TASK DIRECTIONS | Write out again, please, the records below from the first line to the line holding "二、泉州惠安新颜皮肤专科门诊部怎么样？", inclusive, and nothing else.

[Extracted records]
---

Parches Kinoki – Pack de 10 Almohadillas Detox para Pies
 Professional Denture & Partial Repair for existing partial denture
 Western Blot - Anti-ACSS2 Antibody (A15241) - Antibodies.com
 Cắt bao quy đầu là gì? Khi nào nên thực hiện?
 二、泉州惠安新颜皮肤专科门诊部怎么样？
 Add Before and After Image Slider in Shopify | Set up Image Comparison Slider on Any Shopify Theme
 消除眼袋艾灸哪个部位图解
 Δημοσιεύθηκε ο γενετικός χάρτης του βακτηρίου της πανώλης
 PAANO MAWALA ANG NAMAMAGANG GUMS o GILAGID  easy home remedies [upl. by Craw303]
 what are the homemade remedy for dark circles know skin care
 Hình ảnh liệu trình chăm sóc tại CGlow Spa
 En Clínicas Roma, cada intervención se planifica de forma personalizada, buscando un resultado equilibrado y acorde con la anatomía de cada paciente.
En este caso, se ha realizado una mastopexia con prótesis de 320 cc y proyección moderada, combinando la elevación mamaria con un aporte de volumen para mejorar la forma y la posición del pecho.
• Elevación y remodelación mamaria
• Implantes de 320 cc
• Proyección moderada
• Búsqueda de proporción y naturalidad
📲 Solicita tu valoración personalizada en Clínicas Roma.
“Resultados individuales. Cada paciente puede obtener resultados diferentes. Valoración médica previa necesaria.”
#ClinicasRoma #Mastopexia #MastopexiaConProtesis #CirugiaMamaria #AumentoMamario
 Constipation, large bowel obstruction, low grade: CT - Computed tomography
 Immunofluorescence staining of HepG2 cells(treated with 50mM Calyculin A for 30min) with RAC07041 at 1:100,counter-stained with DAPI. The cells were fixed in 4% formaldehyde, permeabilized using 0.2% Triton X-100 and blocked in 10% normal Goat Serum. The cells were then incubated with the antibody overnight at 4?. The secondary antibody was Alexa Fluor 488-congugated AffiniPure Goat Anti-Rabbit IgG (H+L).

---

SOLUTION |
Parches Kinoki – Pack de 10 Almohadillas Detox para Pies
 Professional Denture & Partial Repair for existing partial denture
 Western Blot - Anti-ACSS2 Antibody (A15241) - Antibodies.com
 Cắt bao quy đầu là gì? Khi nào nên thực hiện?
 二、泉州惠安新颜皮肤专科门诊部怎么样？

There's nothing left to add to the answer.